#### Material supplied:
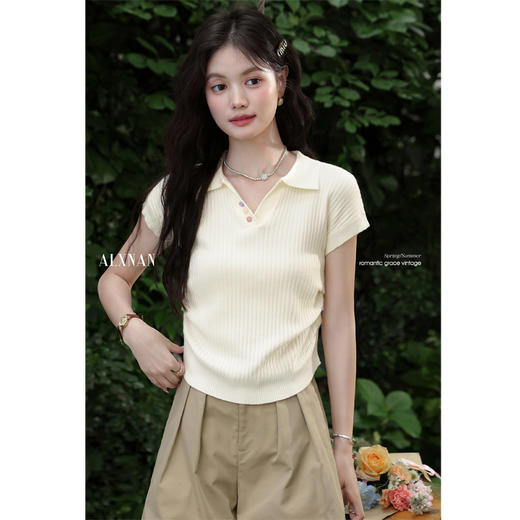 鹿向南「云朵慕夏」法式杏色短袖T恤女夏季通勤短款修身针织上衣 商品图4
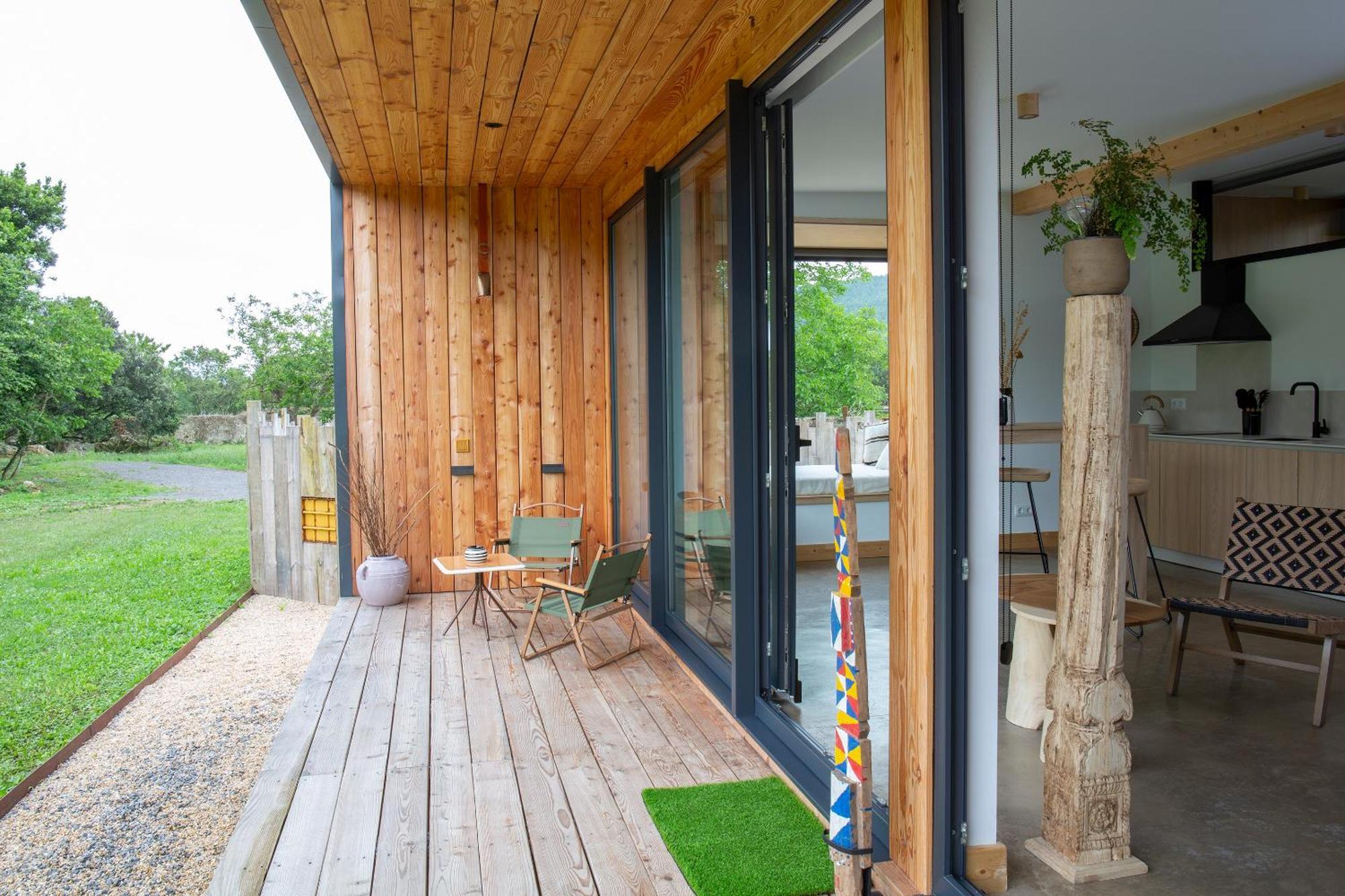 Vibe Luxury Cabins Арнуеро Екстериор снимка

==

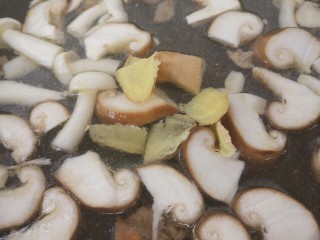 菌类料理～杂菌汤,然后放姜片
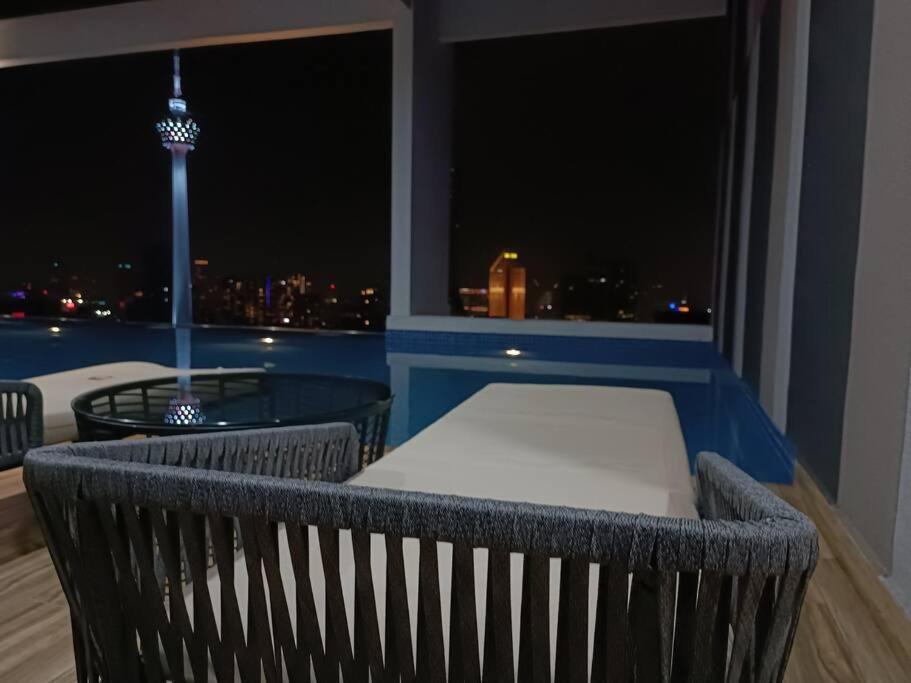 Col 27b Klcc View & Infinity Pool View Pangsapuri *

#### What you have to do:
Once the line with "菌类料理～杂菌汤,然后放姜片" is found in the data above, reproduce it and each line after it exactly, through the line with "Col 27b Klcc". Omit the pictures.

#### Output of the exercise:
 菌类料理～杂菌汤,然后放姜片
 Col 27b Klcc View & Infinity Pool View Pangsapuri *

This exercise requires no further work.